In a letter from the FSF, Electronic Frontier Foundation, Creative Commons, and other allied groups yesterday, the group called on the World Wide Web Consortium (W3C) to keep DRM out of the standards it defines.

"We write to implore the World Wide Web Consortium and its member organizations to reject the Encrypted Media Extensions (EME) proposal," the groups said. "DRM restricts the public's freedom, even beyond what overzealous copyright law requires, to the perceived benefit of this privileged, powerful few."

It's not clear how much effect the letter and an accompanying anti-DRM petition will have, since the technology is already in use though not formally standardized. And even if the W3C balks at standardization -- after it opened up to entertainment-industry involvement in 2011 -- DRM would likely live on through other channels.

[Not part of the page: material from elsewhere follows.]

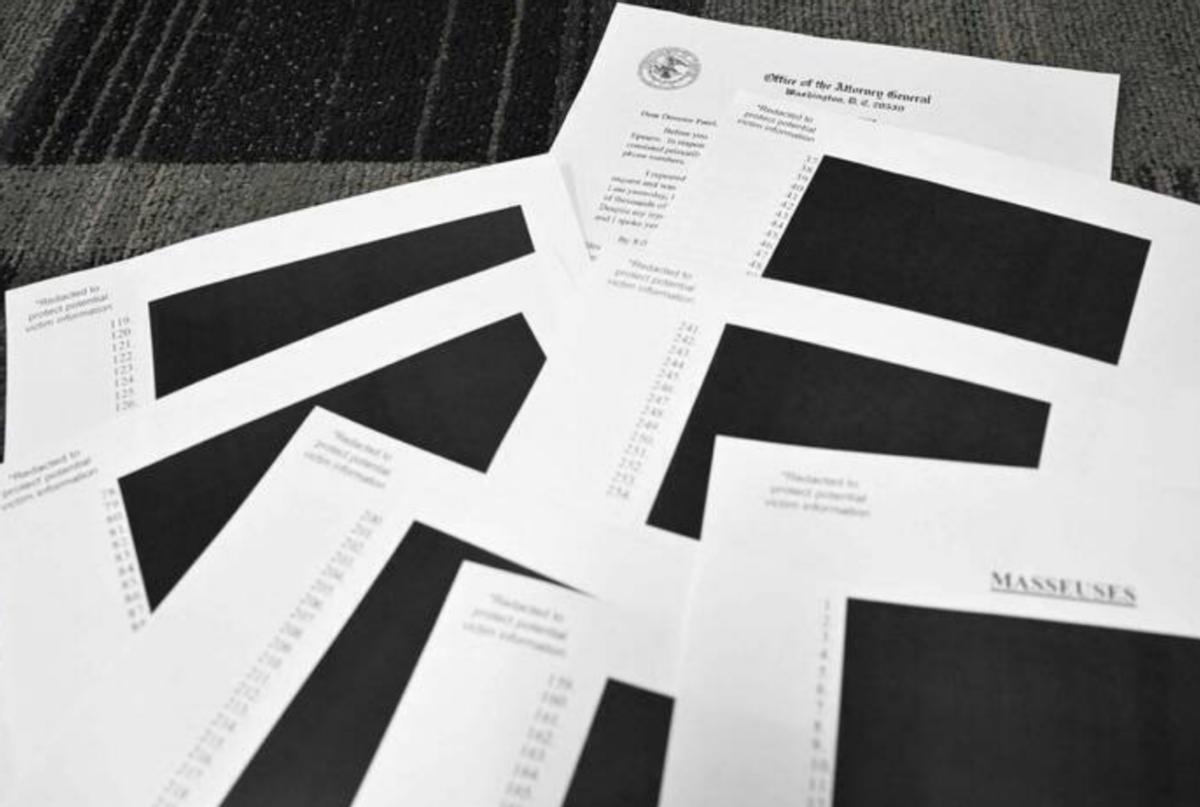 【该遮的不遮，爱泼斯坦案受害者接骚扰电话崩溃】

美国司法部日前晒出有关爱泼斯坦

A key HTML standardization figure and outspoken DRM opponent, Ian Hickson, sees the DRM-blocking effort as unlikely to succeed in practice. In a Google+ comment, he said:

The reality is that whether the W3C publishes this or not will have no effect. If the W3C doesn't publish it, the browser vendors will just work on the spec elsewhere. Asking the W3C to do it or not is pointless. The W3C knows this, and as far as I can tell, they figure that if it's gonna happen anyway, they might as well be the venue where it happens, since that way they get to claim new members.

FSF founder Richard Stallman has long called DRM "digital restrictions management," because it limits what people can do with their computers and the data on them. Despite any number of successful circumventions of DRM, though, it remains popular in the entertainment industry as a way to try to keep people from copying TV shows, movies, books, and sometimes music.

Adobe Systems' Flash Player long has been used to encrypt streaming video, but with its fading into the sunset, allies including Microsoft, Google, and Neflix have been working on DRM-friendly Web standards.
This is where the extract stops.